Mandela critiques US foriegn policy

By Anna Grelson
Contributing Writer


Friday, September 27, 2002

In words that are beginning to echo the sentiments of more and more nations around the world, South African activist Nelson Mandela condemned the United State’s foreign policy as a "threat to world peace." He also remarked that President Bush’s decisions were purely motivated by his desire to "please the arms and oil industries in the United States of America."

In an interview with Newsweek magazine, Mandela reiterated his belief that President Bush should cancel his attacks on Iraq, and the United States has presented absolutely no evidence to support the claims that Iraq is in possession of weapons of mass destruction.

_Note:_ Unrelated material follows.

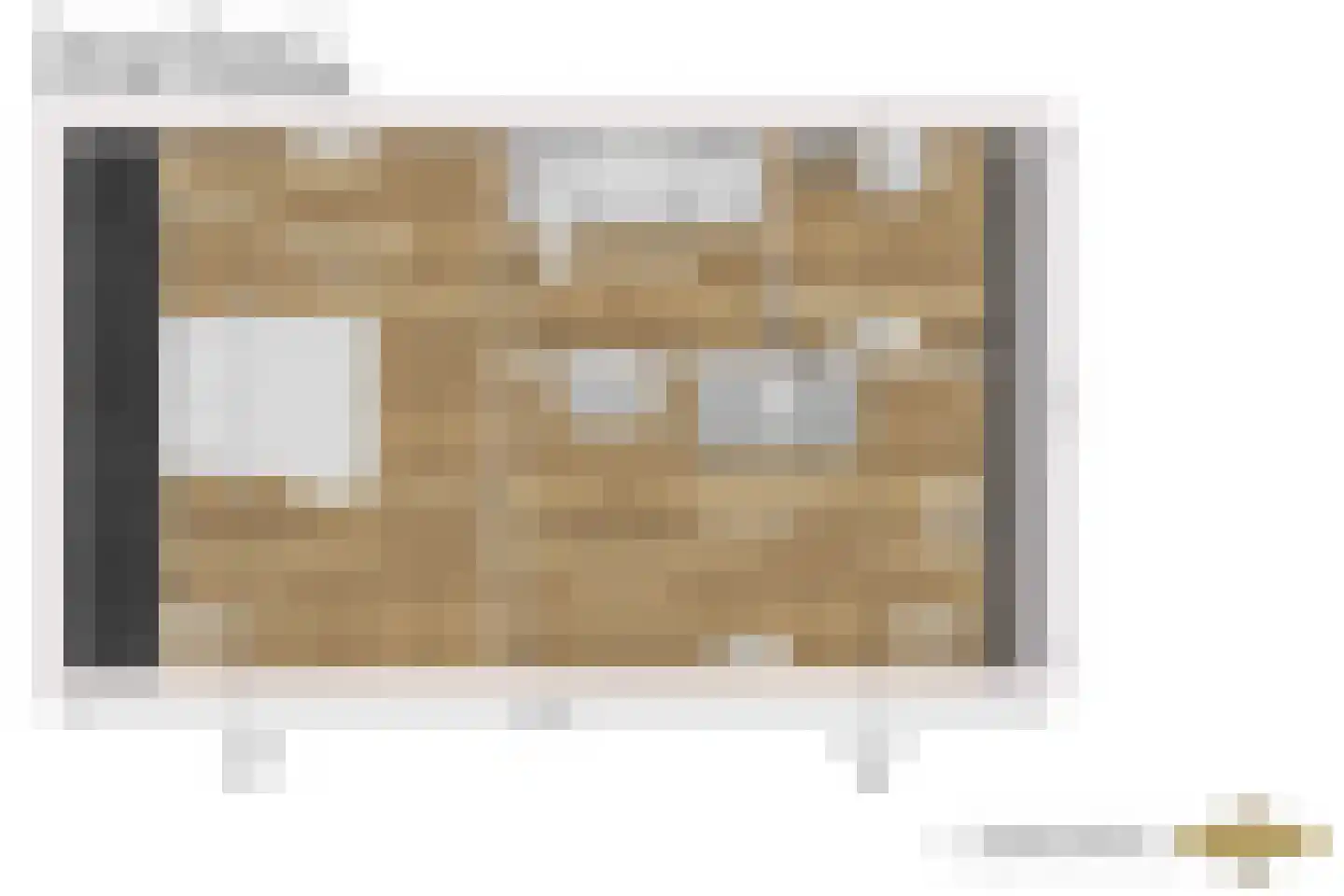 Koperwieklaan 67 Voorschoten thumbnail 68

He also brings to light the fact that Scott Ritter, a former United Nations weapons inspector in Iraq, has also claimed that no evidence exists. Mandela also briefly embarked upon a more personal attack on the United State’s executive branch. He called Bush’s senior advisors "dinosaurs" and called Vice-President Dick Cheney an "arch-conservative" who does not want President Bush "to belong to the modern age."

Mandela, known for his past of protest and struggle, has taken his beliefs on foreign policy in a direction quite contrary to that of the Western World. In the past few months, Mandela has visited several countries, including Cuba and Libya, which the United States has long regarded as "pariah" states. Indeed, one of the first embassies that South Africa established after Mandela’s inauguration was in Havana, Cuba. If South Africa wins a seat on the United Nations Security Council, the alliances it has formed will force the international community to reevaluate its methods in dealings with terrorism.

While Mandela is perhaps the most prominent of those who disapprove of America’s attack on terrorism, a powerful host of nations and politicians is gathering behind him. Kenya’s Human Rights Commissions stated, "The warpath must be abandoned. Otherwise it will lead to more suffering and the coalescence of the belief that the United States is bent on the destruction of the Arab nation." A Tanzanian newspaper said in an editorial concerning September 11th that, "US foreign policy only works in America."

Muslim communities in Africa are particular incensed with American foreign policy. "In Africa, as elsewhere in the Muslim World, one feels the distinction made by Washington between the axis of evil and the rest of the Muslim community is artificial". Though it has yet to become a massive global campaign, countries around the world are saying that, "the only remedy for terrorism is for the US to change its foreign policy."

As the acknowledged sole superpower, America owes to the world, as well as to her own citizens, to act with wisdom and restraint. National security, international respect, and ultimately global peace will swiftly become collateral casualties of an attack on the Middle East by the United States. America must learn to lead by example, and not to force through threat, if peace is ever to exist.